◆ Work request
Please copy out every line in the entries that includes the word "House".

═══ Dataset records ═══

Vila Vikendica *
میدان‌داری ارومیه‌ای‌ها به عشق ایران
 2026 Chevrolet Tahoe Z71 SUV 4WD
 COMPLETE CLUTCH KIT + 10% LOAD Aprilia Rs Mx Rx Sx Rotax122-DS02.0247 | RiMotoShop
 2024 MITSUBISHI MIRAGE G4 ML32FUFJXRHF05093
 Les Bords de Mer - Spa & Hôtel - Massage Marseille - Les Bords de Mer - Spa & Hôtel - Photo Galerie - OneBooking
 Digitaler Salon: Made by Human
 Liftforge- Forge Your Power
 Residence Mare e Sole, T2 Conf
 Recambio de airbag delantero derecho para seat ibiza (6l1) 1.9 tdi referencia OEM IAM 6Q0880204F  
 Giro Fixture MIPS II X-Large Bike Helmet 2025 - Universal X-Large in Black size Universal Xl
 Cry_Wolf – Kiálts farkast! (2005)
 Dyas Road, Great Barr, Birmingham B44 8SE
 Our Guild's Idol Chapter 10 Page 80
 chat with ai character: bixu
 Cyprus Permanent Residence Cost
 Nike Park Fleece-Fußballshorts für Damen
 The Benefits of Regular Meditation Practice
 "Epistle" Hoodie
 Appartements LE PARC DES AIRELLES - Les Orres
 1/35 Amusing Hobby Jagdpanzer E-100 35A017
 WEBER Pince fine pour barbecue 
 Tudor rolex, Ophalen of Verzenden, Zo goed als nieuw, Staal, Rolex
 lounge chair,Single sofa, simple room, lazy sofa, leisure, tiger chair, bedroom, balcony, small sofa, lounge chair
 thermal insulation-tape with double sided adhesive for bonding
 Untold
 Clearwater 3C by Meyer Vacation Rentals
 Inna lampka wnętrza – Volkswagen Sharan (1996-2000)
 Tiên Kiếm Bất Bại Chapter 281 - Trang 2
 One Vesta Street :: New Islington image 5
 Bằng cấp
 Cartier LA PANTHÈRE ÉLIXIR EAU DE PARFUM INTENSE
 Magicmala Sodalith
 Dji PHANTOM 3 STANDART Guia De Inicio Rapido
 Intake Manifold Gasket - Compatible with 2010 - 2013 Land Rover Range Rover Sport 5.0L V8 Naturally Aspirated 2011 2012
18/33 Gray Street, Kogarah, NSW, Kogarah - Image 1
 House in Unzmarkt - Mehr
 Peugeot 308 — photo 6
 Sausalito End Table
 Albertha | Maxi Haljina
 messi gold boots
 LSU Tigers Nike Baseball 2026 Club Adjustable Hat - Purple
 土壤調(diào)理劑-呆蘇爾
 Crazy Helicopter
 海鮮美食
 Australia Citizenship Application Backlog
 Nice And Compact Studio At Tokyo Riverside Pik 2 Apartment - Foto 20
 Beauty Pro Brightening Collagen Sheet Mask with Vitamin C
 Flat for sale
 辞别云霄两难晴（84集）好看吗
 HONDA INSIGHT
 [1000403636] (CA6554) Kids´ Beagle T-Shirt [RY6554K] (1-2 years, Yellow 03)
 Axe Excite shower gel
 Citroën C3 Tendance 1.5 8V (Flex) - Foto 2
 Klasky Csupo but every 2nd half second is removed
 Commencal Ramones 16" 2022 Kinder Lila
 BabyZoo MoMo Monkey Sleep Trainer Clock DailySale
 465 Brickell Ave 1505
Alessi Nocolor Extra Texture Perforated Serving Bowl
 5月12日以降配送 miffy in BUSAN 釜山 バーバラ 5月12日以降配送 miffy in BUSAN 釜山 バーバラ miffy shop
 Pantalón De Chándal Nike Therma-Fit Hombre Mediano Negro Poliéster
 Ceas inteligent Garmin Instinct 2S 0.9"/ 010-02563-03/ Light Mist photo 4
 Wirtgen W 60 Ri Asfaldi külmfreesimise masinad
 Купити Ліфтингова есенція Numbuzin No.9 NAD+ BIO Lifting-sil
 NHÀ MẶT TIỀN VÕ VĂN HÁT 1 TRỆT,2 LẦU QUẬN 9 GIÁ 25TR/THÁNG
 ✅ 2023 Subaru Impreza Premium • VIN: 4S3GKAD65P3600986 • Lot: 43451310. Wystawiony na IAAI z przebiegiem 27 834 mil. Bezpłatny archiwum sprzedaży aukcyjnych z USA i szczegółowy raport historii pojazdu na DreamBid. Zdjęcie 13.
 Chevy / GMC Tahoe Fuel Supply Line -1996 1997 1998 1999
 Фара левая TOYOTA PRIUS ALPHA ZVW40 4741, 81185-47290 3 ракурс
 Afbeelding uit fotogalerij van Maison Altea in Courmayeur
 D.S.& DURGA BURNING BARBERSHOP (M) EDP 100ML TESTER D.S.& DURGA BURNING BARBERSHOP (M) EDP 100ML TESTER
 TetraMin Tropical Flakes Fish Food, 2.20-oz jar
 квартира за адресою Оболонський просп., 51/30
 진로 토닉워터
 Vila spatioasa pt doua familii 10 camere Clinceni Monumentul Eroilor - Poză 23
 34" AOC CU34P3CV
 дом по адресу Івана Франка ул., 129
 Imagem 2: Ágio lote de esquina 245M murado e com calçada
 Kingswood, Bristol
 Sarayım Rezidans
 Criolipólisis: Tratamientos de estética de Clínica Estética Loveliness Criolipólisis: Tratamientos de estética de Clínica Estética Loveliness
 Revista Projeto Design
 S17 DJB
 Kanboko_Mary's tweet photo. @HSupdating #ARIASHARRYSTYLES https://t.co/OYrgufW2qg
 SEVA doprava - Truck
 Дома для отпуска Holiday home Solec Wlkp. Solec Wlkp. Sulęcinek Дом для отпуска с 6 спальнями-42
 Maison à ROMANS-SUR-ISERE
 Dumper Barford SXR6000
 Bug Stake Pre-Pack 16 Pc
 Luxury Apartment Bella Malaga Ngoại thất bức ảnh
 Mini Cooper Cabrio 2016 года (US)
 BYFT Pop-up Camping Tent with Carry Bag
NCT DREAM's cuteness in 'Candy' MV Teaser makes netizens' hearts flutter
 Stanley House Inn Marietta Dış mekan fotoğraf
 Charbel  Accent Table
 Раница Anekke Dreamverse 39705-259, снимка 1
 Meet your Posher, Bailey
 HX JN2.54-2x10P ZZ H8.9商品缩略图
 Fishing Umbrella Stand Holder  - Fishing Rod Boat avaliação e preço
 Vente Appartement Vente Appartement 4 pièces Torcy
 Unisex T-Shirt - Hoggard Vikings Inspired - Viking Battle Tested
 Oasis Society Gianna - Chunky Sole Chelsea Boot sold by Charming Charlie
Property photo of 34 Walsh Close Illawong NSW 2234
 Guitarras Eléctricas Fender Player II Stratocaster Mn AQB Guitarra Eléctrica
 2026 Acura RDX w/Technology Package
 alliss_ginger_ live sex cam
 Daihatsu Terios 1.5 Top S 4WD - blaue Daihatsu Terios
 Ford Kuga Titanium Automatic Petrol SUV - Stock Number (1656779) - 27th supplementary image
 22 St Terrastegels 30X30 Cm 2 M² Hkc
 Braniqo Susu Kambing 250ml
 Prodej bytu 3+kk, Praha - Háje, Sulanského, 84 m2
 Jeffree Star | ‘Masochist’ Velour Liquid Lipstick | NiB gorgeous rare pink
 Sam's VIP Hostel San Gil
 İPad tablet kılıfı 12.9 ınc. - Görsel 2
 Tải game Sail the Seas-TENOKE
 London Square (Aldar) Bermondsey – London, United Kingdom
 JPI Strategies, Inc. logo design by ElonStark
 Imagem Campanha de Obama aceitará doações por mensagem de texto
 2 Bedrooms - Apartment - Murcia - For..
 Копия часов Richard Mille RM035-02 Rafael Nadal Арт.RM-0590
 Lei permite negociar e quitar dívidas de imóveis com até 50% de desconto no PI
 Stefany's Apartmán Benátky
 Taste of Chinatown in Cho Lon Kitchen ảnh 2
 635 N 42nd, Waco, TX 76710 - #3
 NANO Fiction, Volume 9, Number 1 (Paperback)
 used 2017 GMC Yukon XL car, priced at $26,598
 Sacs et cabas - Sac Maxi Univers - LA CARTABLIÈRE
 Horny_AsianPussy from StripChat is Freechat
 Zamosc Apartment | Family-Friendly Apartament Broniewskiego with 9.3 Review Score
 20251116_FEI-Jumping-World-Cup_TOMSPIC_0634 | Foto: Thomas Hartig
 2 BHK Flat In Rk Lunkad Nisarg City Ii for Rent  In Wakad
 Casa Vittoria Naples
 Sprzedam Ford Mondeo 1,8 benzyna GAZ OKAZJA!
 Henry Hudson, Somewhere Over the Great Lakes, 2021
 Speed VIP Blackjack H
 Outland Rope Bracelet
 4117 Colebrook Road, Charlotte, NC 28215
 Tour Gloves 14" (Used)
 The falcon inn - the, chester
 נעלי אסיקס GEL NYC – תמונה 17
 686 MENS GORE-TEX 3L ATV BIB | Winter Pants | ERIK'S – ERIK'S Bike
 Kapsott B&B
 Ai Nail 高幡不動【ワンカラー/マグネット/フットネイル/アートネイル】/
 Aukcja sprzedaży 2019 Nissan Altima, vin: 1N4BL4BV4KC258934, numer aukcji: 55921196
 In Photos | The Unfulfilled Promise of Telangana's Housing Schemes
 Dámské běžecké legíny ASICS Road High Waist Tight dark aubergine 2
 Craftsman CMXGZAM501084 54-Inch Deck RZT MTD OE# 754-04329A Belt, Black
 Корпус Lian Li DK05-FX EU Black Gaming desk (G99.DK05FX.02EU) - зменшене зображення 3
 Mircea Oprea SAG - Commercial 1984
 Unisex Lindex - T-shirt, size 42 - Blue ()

═══

◆ Exercise response
 House in Unzmarkt - Mehr
 Stanley House Inn Marietta Dış mekan fotoğraf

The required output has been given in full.